Lala Deen Dayal, as the only prominent native photographer, has his own section, presented under the title "Between Two Worlds". Most of his photographs here are architectural, though there are some landscapes too. Looking at these we confront the issue of an 'Indian' vision. One would be hard-pressed to say whether these pictures are any different from those made by a British photographer, indeed if the medium allows the possibility of such distinctions in terms of style.
There are sections on the Imperial durbars ending in 1911 and on the maharajas. The pictures of the durbars, while showing the pageantry with which the British sought to emulate the Mughals, seem to be added on to complete the picture. They do not have the visual charge of the sections on architecture in this book and show mainly distant views of the temporary camps and processions. More telling are pictures of King George V with native princes at the same Delhi durbar, many of which were exhibited by Alkazi.
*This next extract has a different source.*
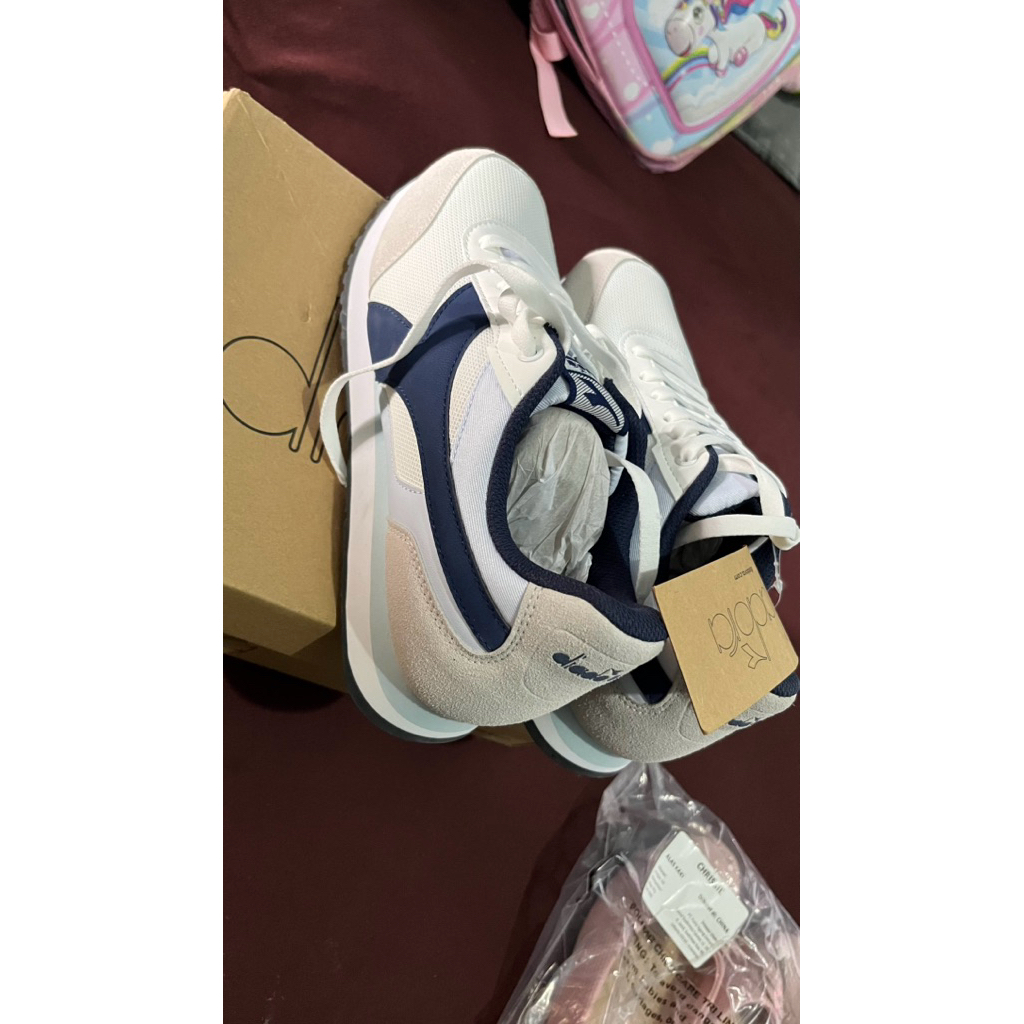 sepatu DIADORA WOMEN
Both these books must be welcomed as important additions to the corpus of works on 19th century photography, but The Last Empire: Photography in British India 1855-1911, by Clark Worswick published in 1976 and still in print, remains the book of record on the period with its wide range of material, its careful choice of visually exciting work, and its impeccable reproduction. The Last Empire gives a more complete sense of India under British rule, through its depiction of both the grand trappings of the Raj and its attention to the life of the more ordinary footsoldiers of Empire.
India Through the Lens, while better and more expensively printed than Beato's Delhi, suffers from a slightly heightened contrast in the reproductions. What it does do is to present a larger body of this material, which expands the visual archive available to the public. And any history of photography would have to recognise the fact that the work of this period would rank with the finest of all time.
Beato's Delhi 1857, 1997 by Jim Masselos and Narayani Gupta; Ravi Dayal Publisher, New Delhi, 2000; pages 115, Rs.1,000.
India Through the Lens: Photography 1840-1911, Vidya Dehejia (Editor); Mapin Publishing Pvt. Ltd. Ahmedabad, 2000; pages 315, Rs.3,000.